**Your task**
What is needed is an exact copy of the lines from the line holding "Modern Zwart Wit" through the end of the material, with no other lines and no pictures.

━━━ Information supplied ━━━

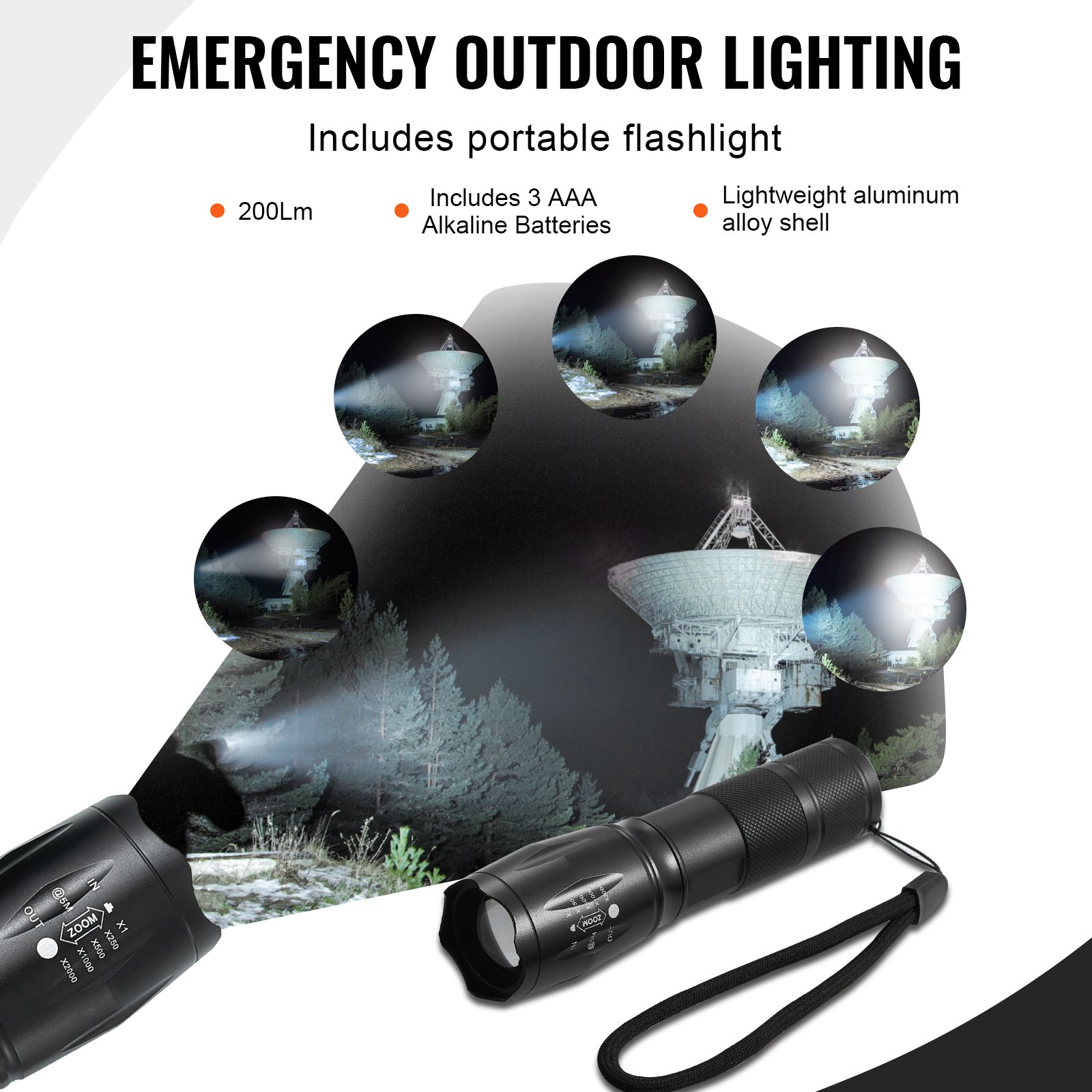 VEVOR Camping Hatchet and Machete Knife Set with Sheath, Hunting Knife, Flashlight, Paracord, 16 inch Machete, Stainless Steel Camping Axe Tool Set for Outdoor Survival Hunting Camping Adventure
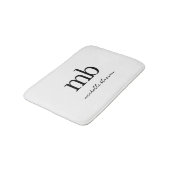 Modern Zwart Wit Trendy Script Initiaal Monogram Badmat (Gekanteld)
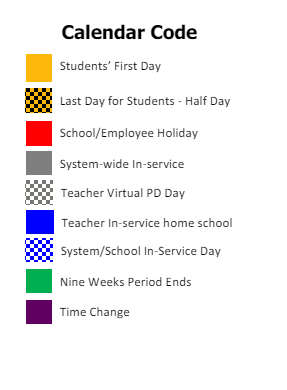 District School Academic Calendar Legend for John F. Kennedy Elementary School
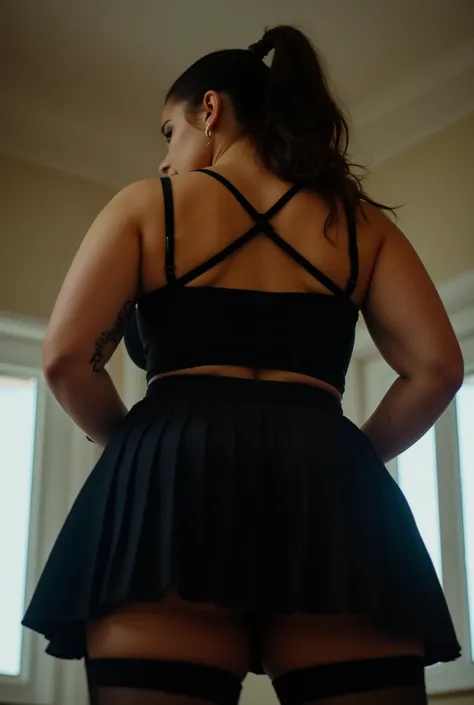 imposing rear-angle portrait of domineering European woman with stout powerful build, wide hips and thick strong legs in authoritative stance, minimal head turn revealing just a glimpse of stern profile with intense sidelong glare, wavy dark brown hair tie...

━━━

**Expected answer**
 Modern Zwart Wit Trendy Script Initiaal Monogram Badmat (Gekanteld)
 District School Academic Calendar Legend for John F. Kennedy Elementary School
 imposing rear-angle portrait of domineering European woman with stout powerful build, wide hips and thick strong legs in authoritative stance, minimal head turn revealing just a glimpse of stern profile with intense sidelong glare, wavy dark brown hair tie...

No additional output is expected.